Your design must comply with the following criteria and goals (beyond the “persistent,” “consistent,” and “complete” definitions above):

  • The main-memory database must continue to process subsequent read and write requests that arrive during the taking of a snapshot; that is, your design may not pause the handling of read and write requests to the database while a snapshot completes.
  • The main-memory database does not process multiple read or write requests (or a mix of the two) concurrently; it processes a single read or write request to completion in isolation before moving on to the next one. Your persistence extensions should not change this behavior.
  • Once a snapshot is initiated, no changes to memory caused by writes requested after the snapshot began should be included in that snapshot.
  • You may use multiple pthreads, multiple processes, or some combination of both in your design.
  • You may use any of the pthread synchronization primitives described in the 0019 lectures on synchronization primitives.
  • You may use any of the Linux system calls described in the 0019 lectures.
  • You should aim to make your design both physical-memory efficient (i.e., minimize the quantity of RAM your design needs) and compute-efficient (i.e., minimize the number of CPU instructions or other execution time overheads your design introduces).
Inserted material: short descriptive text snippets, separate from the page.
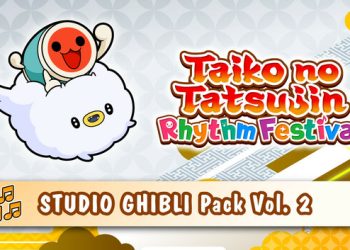 Taiko no Tatsujin: Rhythm Festival – STUDIO GHIBLI Pack Vol. 2 Yayınlandı, Ön İncelemesi Nasıl?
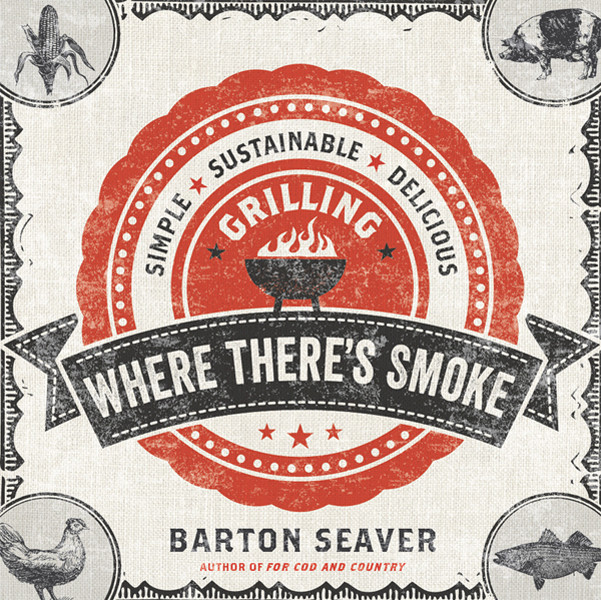 Where Theres Smoke Simple Sustainable Delicious Grilling Barton Seaver
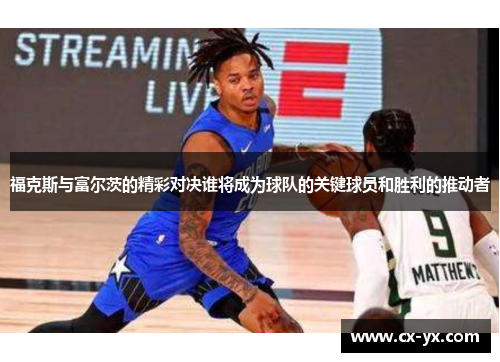 福克斯与富尔茨的精彩对决谁将成为球队的关键球员和胜利的推动者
Assume there are four CPU cores in the Intel Core i7 CPU in the server where the main-memory database runs. And assume that the mix of read and write requests that the database receives over time is not known in advance, and that an administrator’s request for a snapshot can arrive at any time.

Hint: you may find it useful to review CS:APP/3e Sections 9.8.1. and 9.8.2, which describe how Linux uses copy-on-write page mappings.

Describe your design in an essay (optionally including any figures or tables you deem necessary), taking care to specify the Linux constructs, system calls, synchronization primitives, etc., that you use, and how they fit together in your design. You must also explain how your design meets the above requirements, and why you believe your design meets the physical-memory and compute efficiency goals described above.

There is no unique correct answer to this question. We expect that even experts in Systems may produce different designs, and use different arguments for why these designs meet the requirements and goals set out in the question.

In marking your answers, we will focus on your understanding of systems design principles and constructs in C on Linux, and the tradeoffs inherent in the use of different concurrency and synchronization techniques. That is, your mark will reflect the examiners’ assessment of your ability to reason about the material covered in 0019, and how well the logical arguments you make in support of your design provide evidence of that understanding. Your answer to this question will thus be marked according to the following criteria:

  • the extent to which your answer demonstrates understanding of 0019 topics, including technical correctness of the written sentences and of the observations made;
  • the completeness of the answer, in terms of whether it addresses all parts of the question as stated;
  • the clarity and concision of the answer: we expect that your answer will be easily grasped by the 0019 examiners, and will not exceed 1,000 words.
  • the quality of the insight offered in your answer, including originality and depth of discussion, soundness of the arguments made, and ability to make correct and insightful connections between designs, techniques, and systems programming primitives.